Add some validator ¶

# import process 2d package
from dl_data_pipeline.validator import MinMaxValidator, ShapeValidator

# define a pipeline
...

# with this, we ensure image will always be formatted the correct way
pipe.add_validator(MinMaxValidator(0, 255), output_index = 0)
pipe.add_validator(ShapeValidator(256,256,3), output_index = 0)

# now any call of the pipeline will raise an error if the output doesn't match the requirements

Tip

For pipelines with more than one output, you can set output_index to validate any specific output independently.

Excecute the pipeline ¶

processed_data = pipe("path/to/data.png")

Note

Any error raise in a function of the graph will raise a RuntimeError. The name of the function is display in the RuntimeError.

Existing functions ¶

Some basic preprocess functions are already defined. See more in process_functions documention.

Create your own functions ¶

To create your own function to excecute in the graph, you have to create deferred functions

# first create the function normally and test it with normal values
def my_function(data, shape, *args):
    ... # function definition

Once it works as expected, decorate the function with deferred_execution

@deferred_execution
def my_function(data, shape, *args):
    ... # function definition

Warning

Once deferred_execution is applied to a function, it expects at least one PipelineNode argument. Any arguments that are dynamic (i.e., PipelineNode instances) and change during execution should be placed before static arguments.

Illustration of the warning. Dynamic is same as Node

@deferred_execution
def my_function(data1, shape, data2):   # NOT OK ! static agument before a dynamic argument
    ...

# this is wrong because data1 and data2 represent values in the graph, and are separated
# with `shape`, correct signature would be :
@deferred_execution
def my_function(data1, data2, shape):   # OK ! dynamic argument must be always first
    ...

# When creating the graph:
input_node1 = InputNode(name="1")
input_node2 = InputNode(name="2")

# This is NOT OK because dynamic arguments (PipelineNodes) should be positional:
output = my_function(input_node1, data2=input_node1, shape=(256, 256))  # **NOT OK** !!

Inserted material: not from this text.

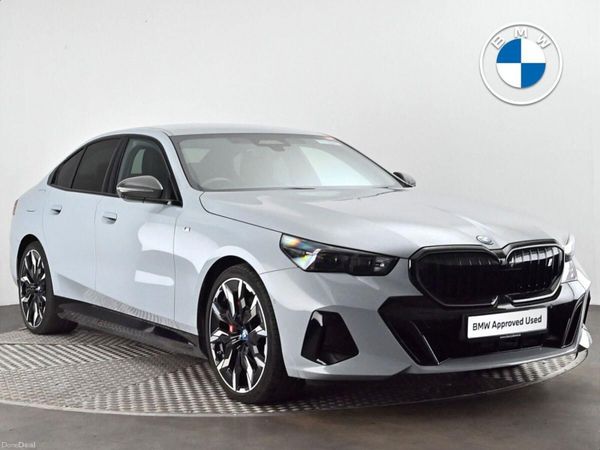BMW i5 Saloon, Electric, 2023, Grey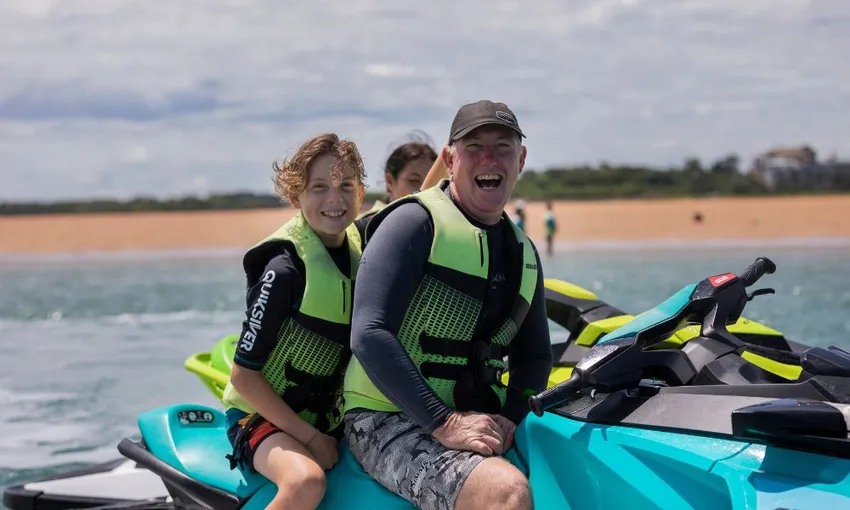 Thunderball WW2 Jet Ski Adventure - 60 Minutes - Book Now | Experience Oz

# Dynamic (PipelineNode) arguments should be positional:
output = my_function(input_node1, input_node1, shape=(256, 256))  # **OK** !!

Creating Custom Validators ¶

You can define your own data validators by subclassing the Validator class. This allows you to implement custom validation logic tailored to your specific needs.

To create a custom validator, subclass Validator and override the validate method. The validate method should raise a ValidationError if the data doesn’t meet the required validation criteria.

from dl_data_pipeline.validator import Validator, ValidationError

class CustomRangeValidator(Validator):
    def __init__(self, min_value, max_value):
        self.min_value = min_value
        self.max_value = max_value

    def validate(self, data):
        if not (self.min_value <= data <= self.max_value):
            raise ValidationError(f"Data {data} is out of range [{self.min_value}, {self.max_value}]")

The following validators are already provided in the package, and you can use them directly in your pipeline:

from dl_data_pipeline.validator import (
    TypeValidator,     # Validates the type of the data
    ShapeValidator,    # Ensures the data matches a specific shape
    MinMaxValidator,   # Validates that the data falls within a specified range
    MeanVarValidator,  # Ensures the data's mean and variance meet specified criteria
    ValidationError    # Custom exception raised when validation fails
)

Conclusion ¶

With the dl_data_pipeline package, you can easily create customizable and efficient data processing pipelines. By defining input nodes, chaining processing functions, and applying validation logic, you can create robust pipelines for handling complex workflows. Additionally, the package allows for deferred execution, providing a more dynamic and flexible approach to building graphs.

Whether you’re using the built-in processing functions and validators or creating your own, the dl_data_pipeline package ensures that you have the tools to handle diverse data processing tasks with ease.

For further information on specific functions and more advanced usage, please refer to the full documentation.